Git commit 6e3c3936dc3924105c49f8e0b41bf789883d173b by Xaver Hugl, on behalf of Vlad Zahorodnii. Committed on 28/09/2021 at 18:05. Pushed by zamundaaa into branch 'Plasma/5.23'. platforms/drm: Avoid re-using blobs Blobs are not reference counted if used by other drm master, if kwin re-uses a deleted blob in an atomic commit, it will fail. For example, on my computer, this happens when kwin starts after xorg. Besides that, kwin may try to destroy blobs that it doesn't own, which is not fatal but it's strange to do so.
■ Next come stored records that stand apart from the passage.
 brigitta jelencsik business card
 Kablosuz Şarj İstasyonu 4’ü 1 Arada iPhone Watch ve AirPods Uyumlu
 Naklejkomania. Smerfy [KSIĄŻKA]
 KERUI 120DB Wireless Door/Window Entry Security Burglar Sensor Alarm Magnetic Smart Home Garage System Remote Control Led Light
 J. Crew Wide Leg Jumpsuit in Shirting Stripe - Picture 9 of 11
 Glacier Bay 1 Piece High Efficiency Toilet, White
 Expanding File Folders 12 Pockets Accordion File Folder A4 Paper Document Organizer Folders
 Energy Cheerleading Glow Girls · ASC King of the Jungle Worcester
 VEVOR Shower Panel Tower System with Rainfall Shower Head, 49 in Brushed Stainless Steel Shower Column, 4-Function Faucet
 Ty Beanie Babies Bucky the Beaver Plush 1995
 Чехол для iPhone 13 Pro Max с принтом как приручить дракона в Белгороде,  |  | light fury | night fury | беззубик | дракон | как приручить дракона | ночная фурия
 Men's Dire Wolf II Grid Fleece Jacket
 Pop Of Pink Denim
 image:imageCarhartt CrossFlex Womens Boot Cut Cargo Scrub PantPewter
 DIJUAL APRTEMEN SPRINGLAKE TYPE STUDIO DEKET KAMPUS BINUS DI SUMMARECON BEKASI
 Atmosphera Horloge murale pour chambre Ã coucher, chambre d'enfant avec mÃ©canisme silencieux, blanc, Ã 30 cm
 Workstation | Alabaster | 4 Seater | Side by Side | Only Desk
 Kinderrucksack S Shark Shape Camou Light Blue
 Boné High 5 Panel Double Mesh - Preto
Related: bug 442603 M +12 -56 src/plugins/platforms/drm/drm_object.cpp M +1 -3 src/plugins/platforms/drm/drm_object.h M +8 -5 src/plugins/platforms/drm/drm_object_connector.cpp M +20 -17 src/plugins/platforms/drm/drm_object_plane.cpp https://invent.kde.org/plasma/kwin/commit/6e3c3936dc3924105c49f8e0b41bf789883d173b
The problem is intermittant on opensuse tumbleweed KDE Wayland Operating System: openSUSE Tumbleweed 20230619 KDE Plasma Version: 5.27.5 KDE Frameworks Version: 5.107.0 Qt Version: 5.15.10 Kernel Version: 6.3.7-1-default (64-bit) Graphics Platform: Wayland Processors: 4 × Intel® Core™ i5-3570K CPU @ 3.40GHz Memory: 15.5 GiB of RAM Graphics Processor: PITCAIRN 1. Log into a Wayland user account 2. Switch Users 3. Select another User Account from the SDDM screen to log into 4. Switch Users RESULT: *Sometimes* it works, *Sometimes* you get stuck at the SDDM screen, in such a latter case, i have used the CTRL+Backspace key combo to force close the session and re-open the SDDM screen again In some cases a hard-reset has been nessessary
This is a fairly old bug report and the code has changed a lot since it was reported. There's a very good chance the issue you're experiencing is caused by something else, even if the outward symptoms look and feel the same. Can you please submit a new bug report? Thank you!
(In reply to Nate Graham from comment #34) Was a report ever filed about that? I'm pretty sure I just experienced the same thing.